What
do many pieces of weak evidence add up to?
18 June 2000
A critic of the Warren Commission who believes that distrusting the
government is enough to invalidate its evidence and conclusions (see essay "Trust
is not enough")
sent me more than twenty examples of how the FBI had allegedly mishandled
evidence in the JFK case. He considered that list sufficient to allow him to
reject any and all evidence coming from the FBI. (Fallacious?) This is but one example of
writers on both sides of the Kennedy case marshalling long lists of evidence in
support of their causes. How should we view such aggregations?
At first glance, long lists of evidence appear impressive. But we must not be automatically swayed by
them
because the probative value of a suite of evidence (its overall strength) depends on much more than numbers. Remembering that writers usually invoke long lists of
evidence when they lack one or two pieces of truly decisive evidence, we must
immediately become suspicious of such lists and go out of our way to evaluate
the individual and collective strengths of their pieces cautiously, skeptically, and critically. The longer the
list, the more we should be wary of it.
Fallacy?
The key to understanding the joint worth of multiple pieces
of evidence is whether you know their individual reliabilities.

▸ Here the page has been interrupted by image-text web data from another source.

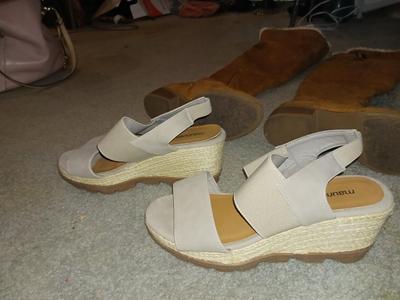 CUTE BOOTS & WEDGES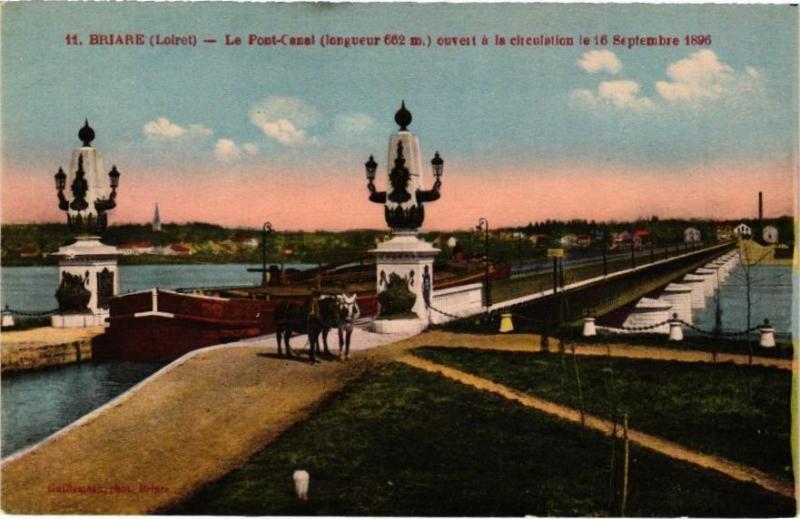 Carte postale ancienne Briare - Le Pont-Canal (long.662 m) ouvert a la circulation à Briare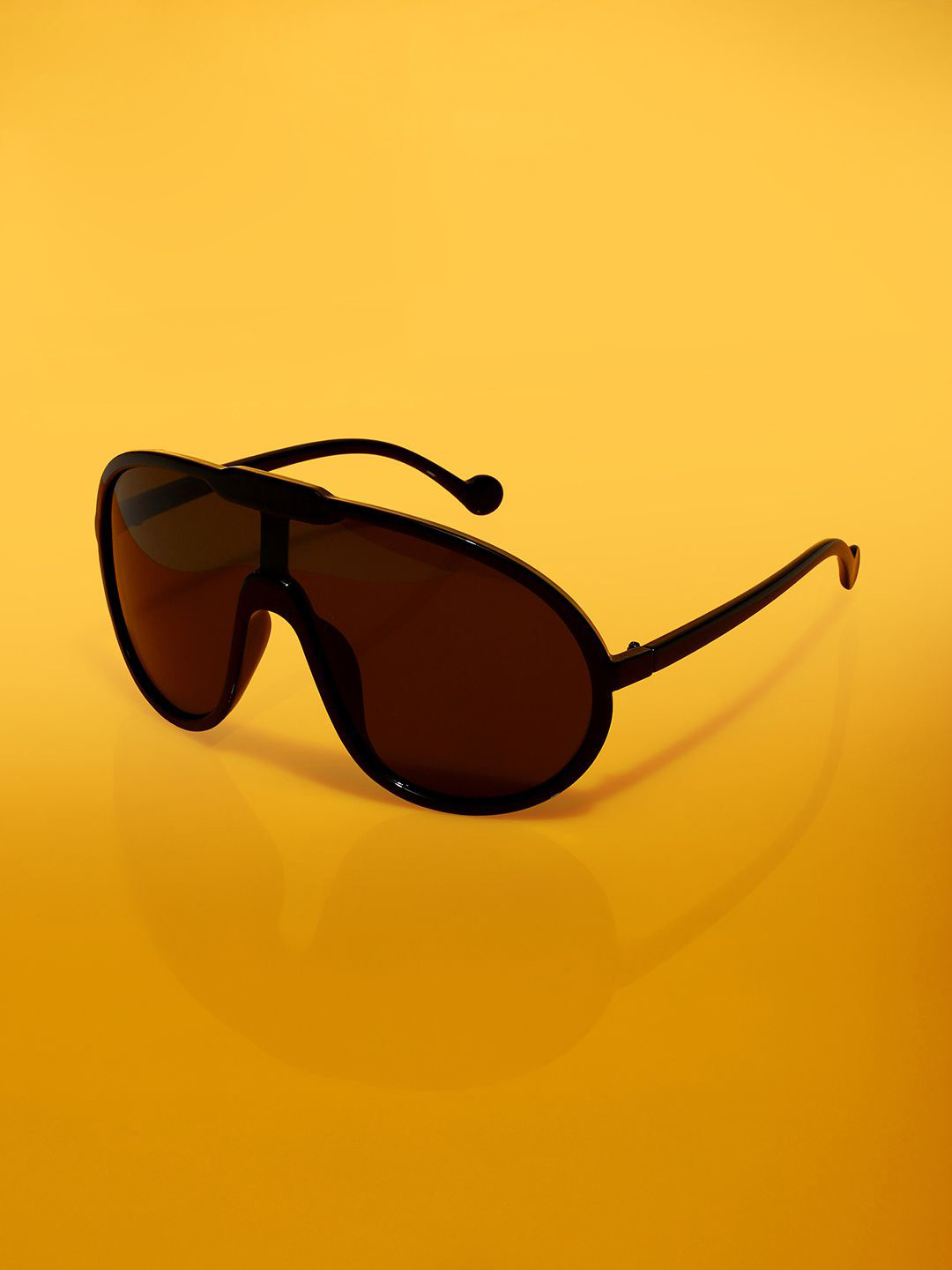 French Accent Men Shield Sunglasses with Polarised Lens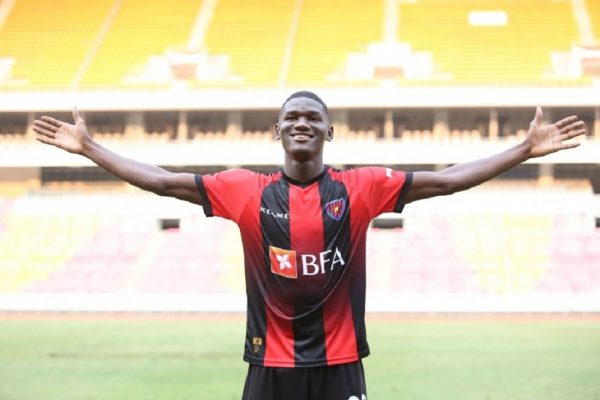 Ποιος είναι ο Ζίνι που απέκτησε η ΑΕΚ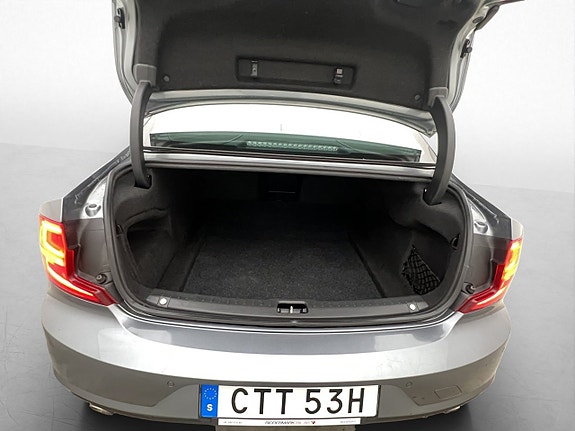 Volvo S90 25 of 30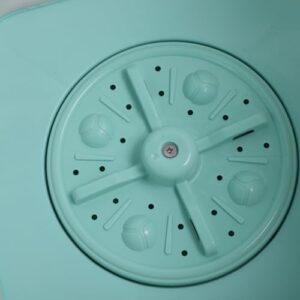 Mini lavatrice pieghevole verde, leggera e compatta, perfetta per viaggi e biancheria intima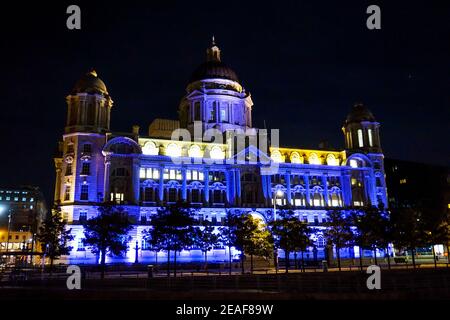 Port of Liverpool Building bei Nacht, Pier Head, beleuchtete Architektur, England, Großbritannien Stockfoto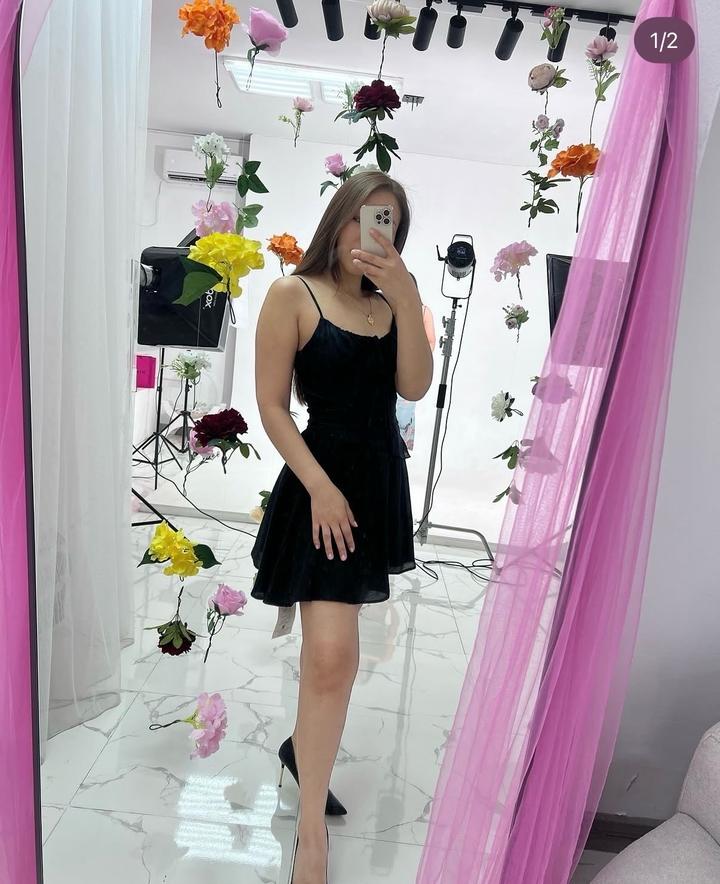 ПРОДАМ чёрное платье с накидкой.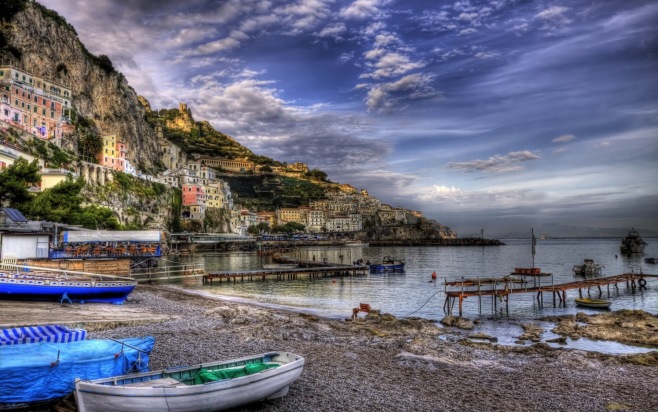 Liguria bölgesinin içinde ve İtalya'nın batı sahilinde yer alan Cinque Terre 5 toprak yani 5 köy anlamına gelmektedir. Cinque Terre'nin geçmişine ait belgeler 11. yüzyıla kadar uzanmaktadır.
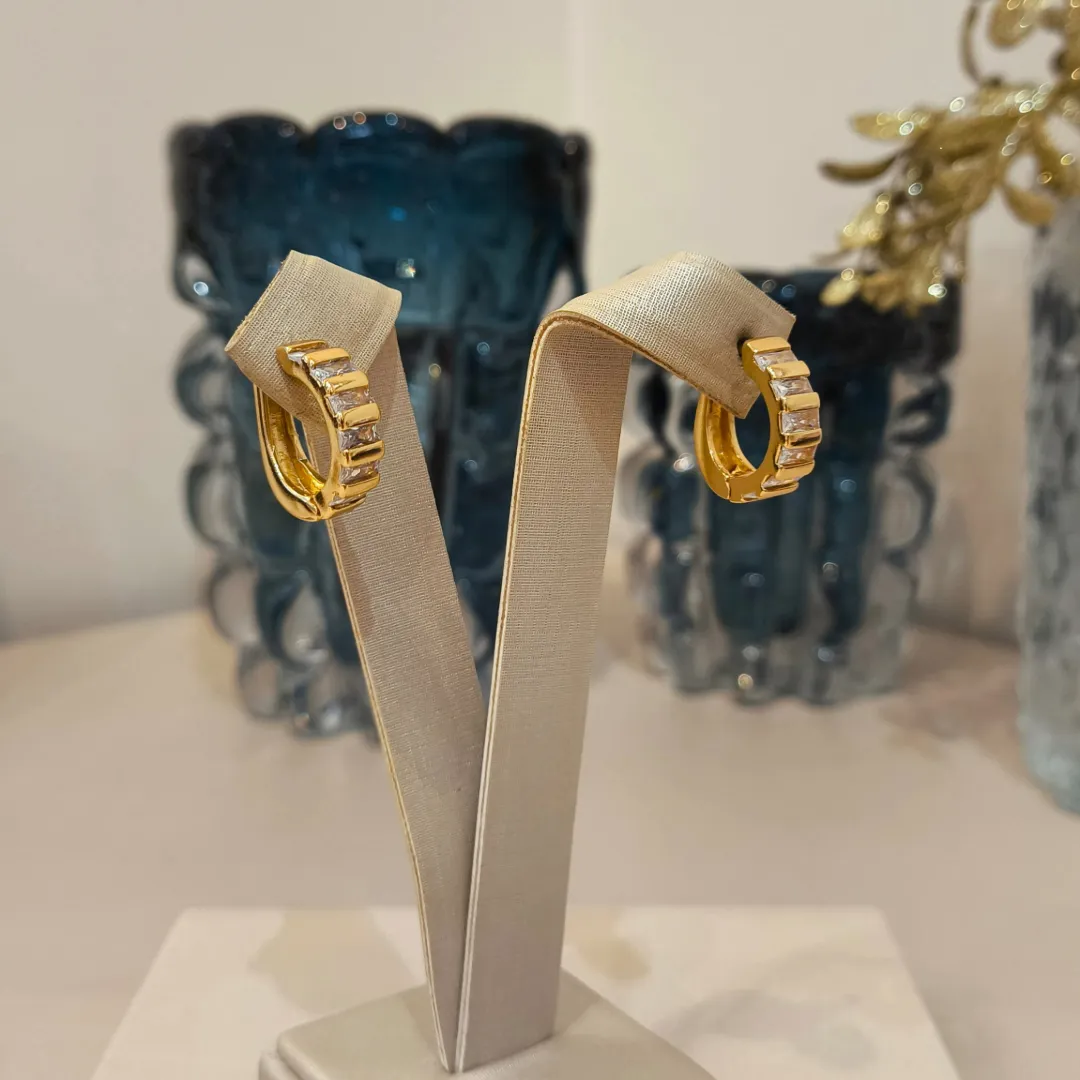 ARGOLA LUXO COM ZIRCÔNIAS NAVETES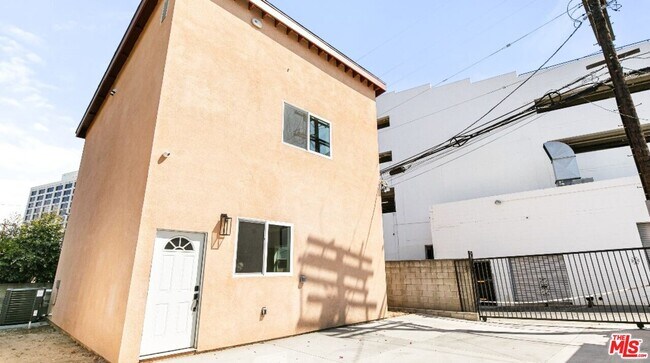 Building Photo - 16698 Moorpark St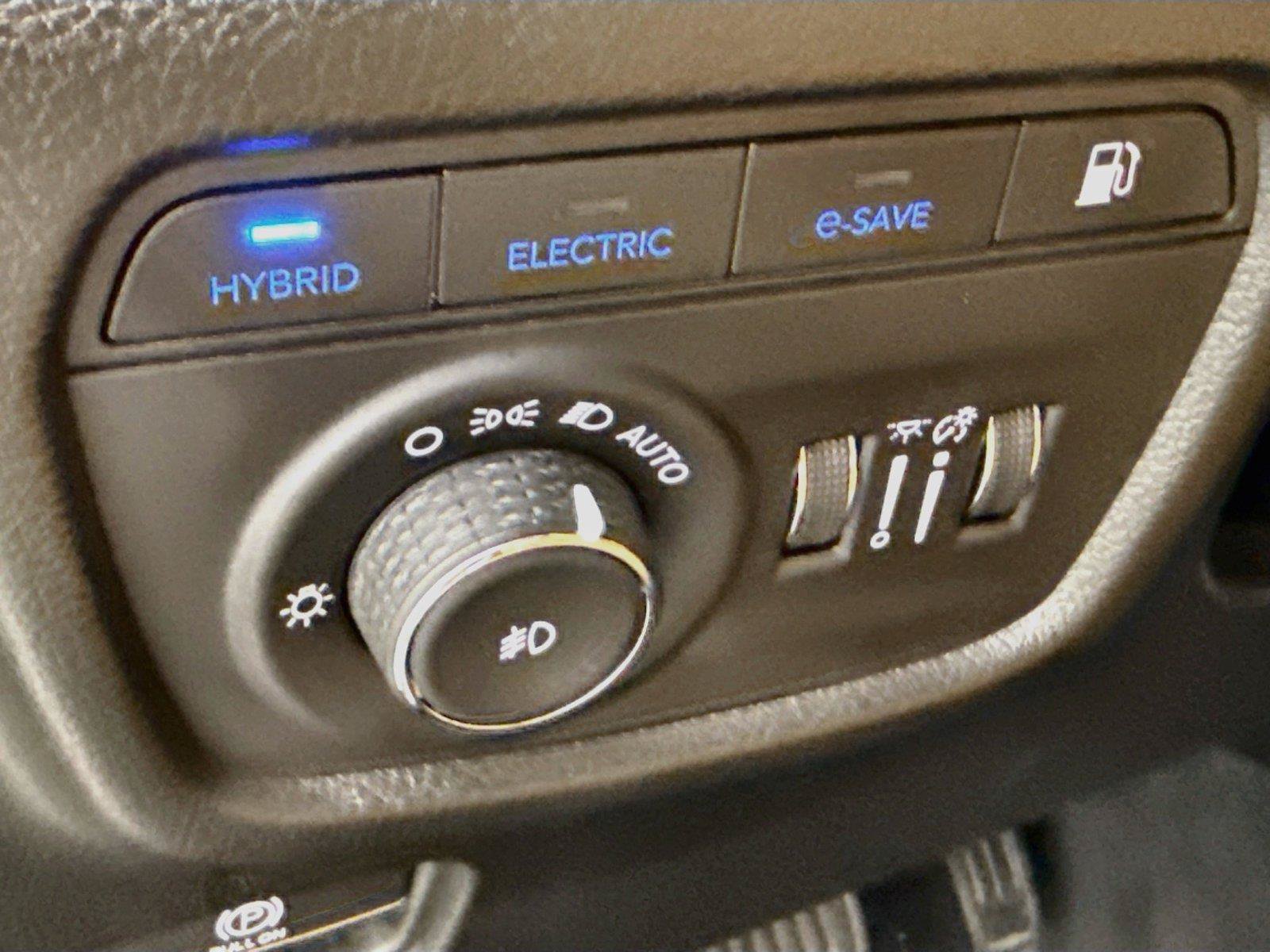 Used 2023 Jeep Grand Cherokee Summit w/ Advanced Protech Group IV AWD/4WD image 16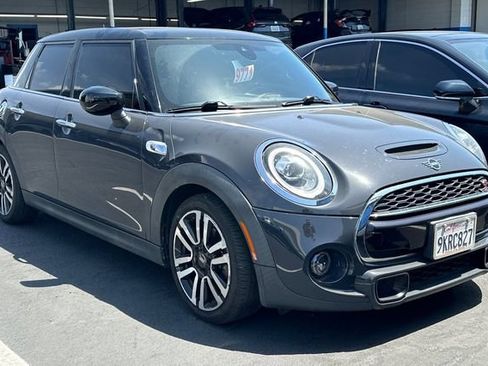 Used 2021 MINI Cooper S w/ 6.5" Touchscreen Package FWD image 2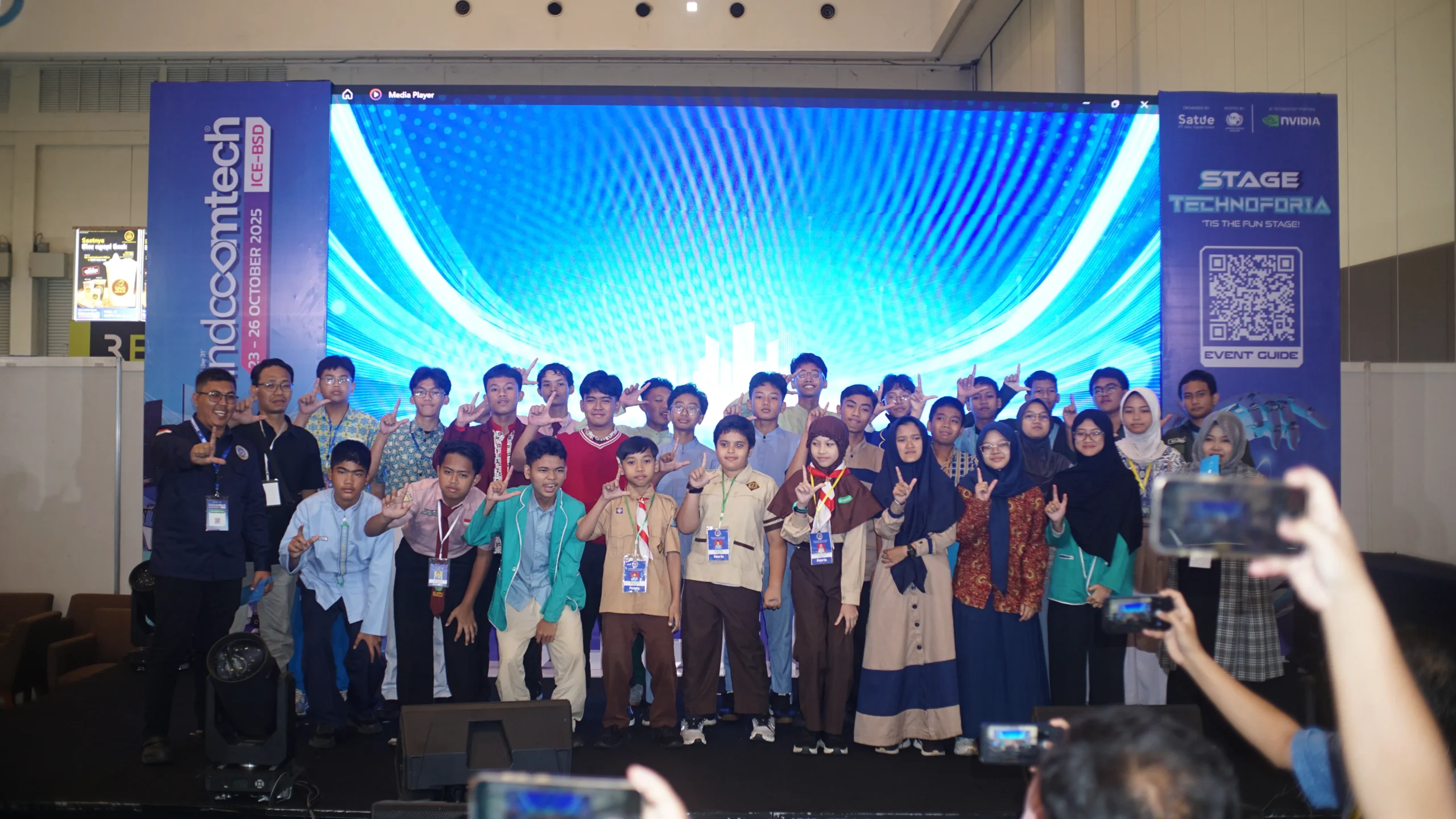 INDOCOMTECH 2026 hadir di JICC Senayan pada 29 Oktober–1 November dengan diskon gadget hingga 70%, turnamen esports, dan hiburan menarik.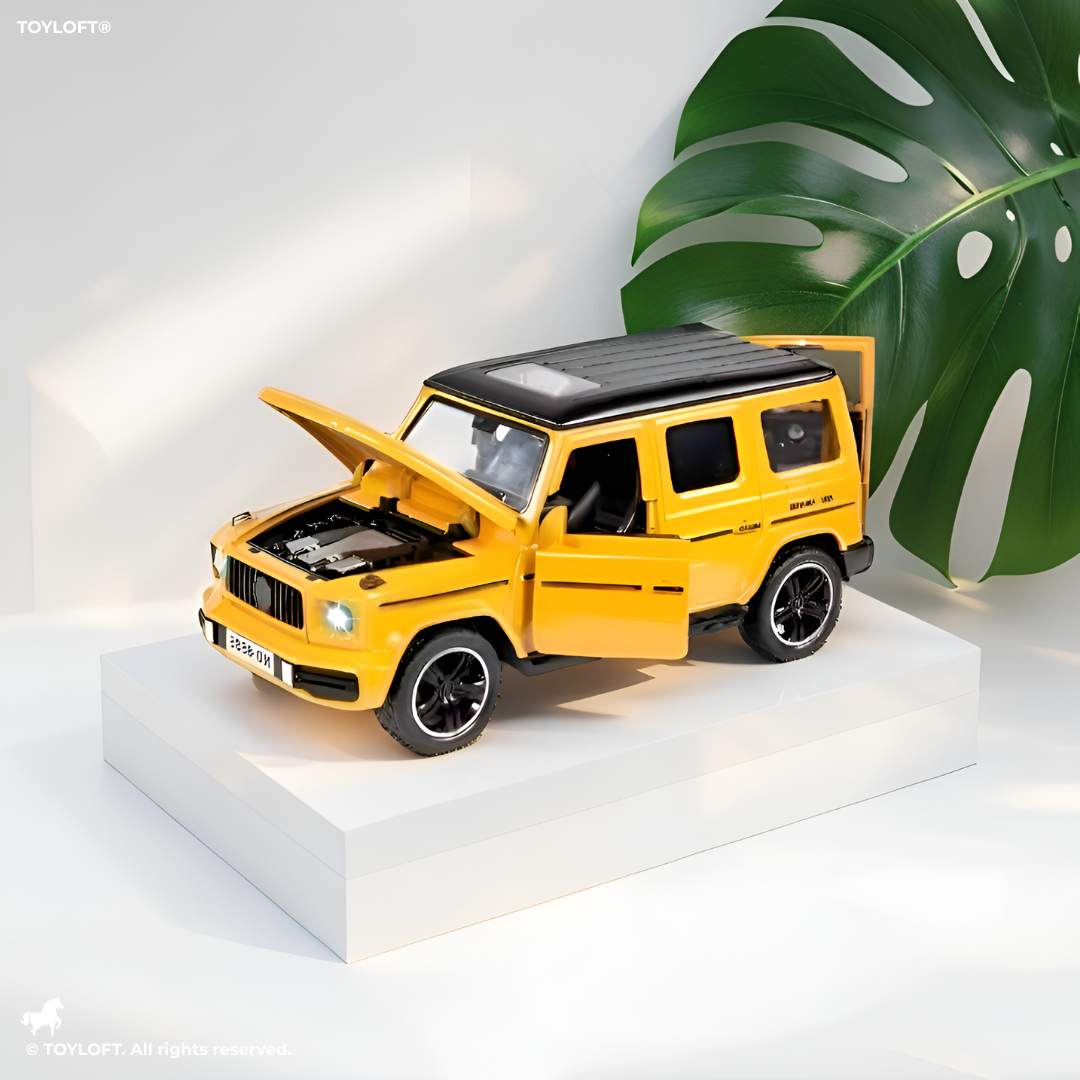 Yellow - Mercedes-Benz G-Wagon Diecast Model Car Scale 1:32 | Openable Doors & Hood | Toy SUV Collectible LMI15731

In the case mentioned above, all the pieces of evidence were worse than
weak—they were irrelevant because the critic was fallaciously trying to use
them to show that because the FBI had mishandled evidence in the past, the
current pieces of evidence from the FBI that we were discussing should
automatically be considered invalid. It was easy to formulate a reply to
him—the worth of many pieces of irrelevant evidence is no more than the worth
of a single piece of irrelevant evidence—a large number multiplied by zero is
still zero.
Typical lists are different, however, in that their items are
relevant and weak. What is the joint worth of many such
pieces? A simple example is provided by Mark Lane near the beginning of
his classic book Rush to Judgment, where he describes the recollections
of six witnesses who
heard shots coming from the grassy knoll. Lane proclaims when so many many independent
observers
agree, their common denominator must be the
truth. In other words, because these six witnesses all recall hearing shots from
the knoll, shots must have come from there. Lane has an argument of sorts, because observations of witnesses like these
six do possess a certain worth, especially when they all agree. Perhaps Lane had
some simple, intuitive mathematics in mind, such as: if the chance of each
witness being wrong was 50% (0.5), the chance they they were all independently
being wrong was (0.5)6, or 1/64, or 1.6%. In other words, there was
less than a 2% chance that they were all wrong. With more witness agreeing, this
reasoning gives a chance that decreases to exceedingly low numbers. For example,
if 20 witnesses all had heard shots from the depository, this approach would
give a probability of their all being independently wrong was (0.5)20,
or one chance in a million (0.0001%). Because this number is vanishingly small,
the witnesses could not all have been wrong, and therefore shots absolutely come
from the knoll.
Let us examine this kind of argument both narrowly and
broadly. From the narrow perspective, at least two things are wrong with it. The
first, and most obvious, is that Lane chose his witnesses selectively. The
mathematician would say that it Lane did not sample the population randomly,
for there were many witnesses who heard the opposite—shots
from the depository. Applying Lane's reasoning to
six of these witnesses means that their common denominator must be the truth
that shots came from the depository. This scenario of "dueling
witnesses" is obviously flawed by the flawed selection process. So Lane's
conclusion must be rejected.
The second thing wrong with Lane's approach and our
calculations, which are a rough guide to the mentality behind his approach, is
the matter of the reliability of each of the witnesses. We refer to
such testimonial evidence as "weak" because it cannot be validated in
and of itself. We contrast it with "strong" evidence, which can be
validated. A simple example may clarify the difference. The stretcher bullet, CE
399, may be considered to have been fired by the rifle found in the depository.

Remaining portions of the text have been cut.